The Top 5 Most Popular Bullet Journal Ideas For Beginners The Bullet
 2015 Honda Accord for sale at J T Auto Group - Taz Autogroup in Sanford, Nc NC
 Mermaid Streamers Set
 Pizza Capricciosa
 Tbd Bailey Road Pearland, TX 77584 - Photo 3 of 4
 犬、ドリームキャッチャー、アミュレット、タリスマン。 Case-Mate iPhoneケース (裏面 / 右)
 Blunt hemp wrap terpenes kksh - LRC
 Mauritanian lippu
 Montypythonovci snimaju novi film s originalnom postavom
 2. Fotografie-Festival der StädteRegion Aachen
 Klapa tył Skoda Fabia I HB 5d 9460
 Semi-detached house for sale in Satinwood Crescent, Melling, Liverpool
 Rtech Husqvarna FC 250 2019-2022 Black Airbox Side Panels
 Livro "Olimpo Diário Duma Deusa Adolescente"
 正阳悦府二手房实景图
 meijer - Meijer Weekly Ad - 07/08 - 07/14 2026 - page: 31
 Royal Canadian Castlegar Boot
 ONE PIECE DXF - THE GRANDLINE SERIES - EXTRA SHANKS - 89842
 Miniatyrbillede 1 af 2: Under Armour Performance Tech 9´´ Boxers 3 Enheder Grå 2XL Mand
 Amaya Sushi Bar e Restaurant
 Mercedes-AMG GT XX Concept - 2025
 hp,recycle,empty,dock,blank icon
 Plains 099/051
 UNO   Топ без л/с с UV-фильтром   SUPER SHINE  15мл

☆ ☆ ☆ ☆

Go through the material and copy each line that contains "sale".

Output of the exercise:
 2015 Honda Accord for sale at J T Auto Group - Taz Autogroup in Sanford, Nc NC
 Semi-detached house for sale in Satinwood Crescent, Melling, Liverpool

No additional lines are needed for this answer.